Pour le patronat informatique, tout va pour le mieux dans le petit monde des grandes SSII : l’activité repart et ils vont embaucher par milliers. Derrière les beaux discours, la réalité sociale est toute autre. Notamment concernant la politique salariale.
« Il y a une assez bonne reprise de la demande et on est orienté croissance! », s’enthousiasme Paul Hermelin, le Petit Père du peuple Capgeminien sur l’antenne de BFM Business. Sur cette même antenne – aussi objective sur le monde économique que pouvait l’être Radio Moscou sur l’efficacité du Soviet Suprême – Hermelin rassure les investisseurs. A la fin de l’année dernière, Capgemini avait « un cash positif de 1,3 milliard » et se demande même : « avec cette force de frappe, qu’allons-nous faire ? ». Il a sa réponse : « continuer nos emplettes dans les pays émergents » et « dans les pays mûrs, créer de l’emploi. » Il lance même ce lénifiant : « nous allons recruter des milliers de bac + 5″, comme s’en fait l’écho la version professionnelle du magazine 01Net.
La Madame Irma numérique
En 2011, l’emploi est véritablement le mot d’ordre des SSII. Philippe Tavernier, le président de la commission social, emploi et formation du Syntec numérique, voit dans sa boule de cristal que : « En 2011, 73 % des entreprises (…) anticipent une progression de leur effectif avec un prévisionnel d’environ 40 000 recrutements ». Notez que la Madame Irma numérique s’appuie sur des sondages pour tenir ses propos et prédire à 01Net que cela « pourrait générer jusqu’à 10 000 créations nettes d’emplois. » Des annonces que j’ai déjà largement mis en relief sur ce blog avec les opérations de communication bidons des recrutements de masse au sein d’Akka, Altran et Capgemini.
Réalité sociale
La réalité sociale dans les SSII n’en reste pourtant pas flatteuse. Après deux années de crise où les salariés ont vu leurs salaires stagner, 2011 ne marquera pas des augmentations attendues au vue de la reprise d’activité. Ainsi, les mouvements sociaux s’amplifient : Akka Informatique&Systèmes, Assystem ou encore Nyse Technologies et Alcatel-Lucent comme le rappelle le magazine référence de l’informatique. Des mouvement dus à des négociations annuelles obligatoires au rabais où les directions continuent de rogner sur leur masse salariale.
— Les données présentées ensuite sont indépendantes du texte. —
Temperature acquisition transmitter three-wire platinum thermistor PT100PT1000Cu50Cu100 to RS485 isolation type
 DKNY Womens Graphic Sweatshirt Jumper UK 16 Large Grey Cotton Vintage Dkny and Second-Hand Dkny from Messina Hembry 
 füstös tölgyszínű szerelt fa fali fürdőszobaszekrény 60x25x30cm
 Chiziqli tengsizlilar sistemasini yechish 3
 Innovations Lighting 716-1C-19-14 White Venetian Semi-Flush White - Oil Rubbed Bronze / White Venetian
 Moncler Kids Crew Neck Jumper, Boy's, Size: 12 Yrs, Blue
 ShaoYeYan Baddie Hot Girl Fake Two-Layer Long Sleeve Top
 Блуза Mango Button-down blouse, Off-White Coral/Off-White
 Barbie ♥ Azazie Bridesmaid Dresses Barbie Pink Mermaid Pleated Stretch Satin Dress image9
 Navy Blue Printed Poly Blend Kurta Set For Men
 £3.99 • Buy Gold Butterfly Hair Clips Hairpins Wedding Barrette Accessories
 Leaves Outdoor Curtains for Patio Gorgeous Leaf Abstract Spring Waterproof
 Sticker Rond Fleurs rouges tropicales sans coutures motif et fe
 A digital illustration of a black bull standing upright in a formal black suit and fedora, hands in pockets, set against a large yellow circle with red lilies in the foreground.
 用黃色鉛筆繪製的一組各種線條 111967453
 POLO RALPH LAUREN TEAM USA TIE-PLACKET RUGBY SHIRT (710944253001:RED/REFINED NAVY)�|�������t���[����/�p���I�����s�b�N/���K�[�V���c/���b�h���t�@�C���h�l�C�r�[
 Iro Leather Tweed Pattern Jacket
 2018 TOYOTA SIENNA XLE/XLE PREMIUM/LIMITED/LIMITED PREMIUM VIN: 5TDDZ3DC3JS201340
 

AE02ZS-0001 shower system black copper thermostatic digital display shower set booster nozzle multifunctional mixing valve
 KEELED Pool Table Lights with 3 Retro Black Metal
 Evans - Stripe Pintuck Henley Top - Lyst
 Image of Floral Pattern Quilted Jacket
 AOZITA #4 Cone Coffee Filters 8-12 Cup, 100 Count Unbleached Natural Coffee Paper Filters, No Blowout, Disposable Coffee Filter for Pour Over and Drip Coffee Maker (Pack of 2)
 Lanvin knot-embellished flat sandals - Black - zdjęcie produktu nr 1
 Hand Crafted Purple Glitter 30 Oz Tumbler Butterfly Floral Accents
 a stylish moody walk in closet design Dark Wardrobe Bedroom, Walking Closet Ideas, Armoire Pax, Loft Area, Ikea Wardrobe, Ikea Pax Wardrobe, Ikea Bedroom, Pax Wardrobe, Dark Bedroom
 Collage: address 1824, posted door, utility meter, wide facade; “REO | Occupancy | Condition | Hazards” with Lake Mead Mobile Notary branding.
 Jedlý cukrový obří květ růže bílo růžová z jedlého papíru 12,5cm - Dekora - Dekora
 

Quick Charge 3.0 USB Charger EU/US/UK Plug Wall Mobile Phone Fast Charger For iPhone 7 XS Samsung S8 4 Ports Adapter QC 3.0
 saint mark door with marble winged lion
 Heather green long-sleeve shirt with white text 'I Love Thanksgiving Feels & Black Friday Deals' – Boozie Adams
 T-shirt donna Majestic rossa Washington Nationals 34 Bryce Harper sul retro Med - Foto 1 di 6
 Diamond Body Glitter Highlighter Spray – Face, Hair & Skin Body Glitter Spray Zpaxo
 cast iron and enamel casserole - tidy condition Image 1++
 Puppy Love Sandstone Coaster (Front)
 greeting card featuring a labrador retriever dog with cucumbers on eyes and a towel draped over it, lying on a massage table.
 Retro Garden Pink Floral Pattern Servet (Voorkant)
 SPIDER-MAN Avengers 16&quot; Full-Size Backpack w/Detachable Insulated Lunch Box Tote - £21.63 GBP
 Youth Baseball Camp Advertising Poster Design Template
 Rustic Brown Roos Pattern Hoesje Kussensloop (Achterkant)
Groupe Open : le mauvais exemple
D’ailleurs devons-nous faire confiance au Syntec numérique ? L’action de son patron, Guy Mamou-Mani, qui officie à la direction du Groupe Open, permet d’en douter. Ainsi, le groupe a subit une restructuration en 2010 qui a vu partir 350 salariés. Guy veut maintenant en embaucher 800 nous apprend Le Monde Informatique. Un spécialiste du secteur confie : « il s’est séparé de près de 10% de ces effectifs l’an passé et il dit aujourd’hui : « finalement, j’aurais pu leur donner du travail. » Une singulière gestion des ressources humaines…
Les SSII suppriment des emplois
D’ailleurs, les créations d’emplois n’auront jamais lieu dans le secteur. Ainsi, comme l’explique l’ « Etude sur l’emploi, les salaires et les conditions de travail dans les SSII » réalisée l’année dernière par le cabinet Sécafi au profit de la fédération CGT Sociétés d’études, il y aura même suppressions d’emplois ! S’appuyant sur une étude du BIPE, société de conseil en stratégie spécialisé dans la prévision économique et la prospective, « il y aurait entre -20.000 et – 27.600 suppressions nettes d’emplois entre 2010 et 2012 », soit entre -10 000 à -18 000 entre 2011 et 2012. On est bien loin des incantations du Syntec numérique en termes d’embauches.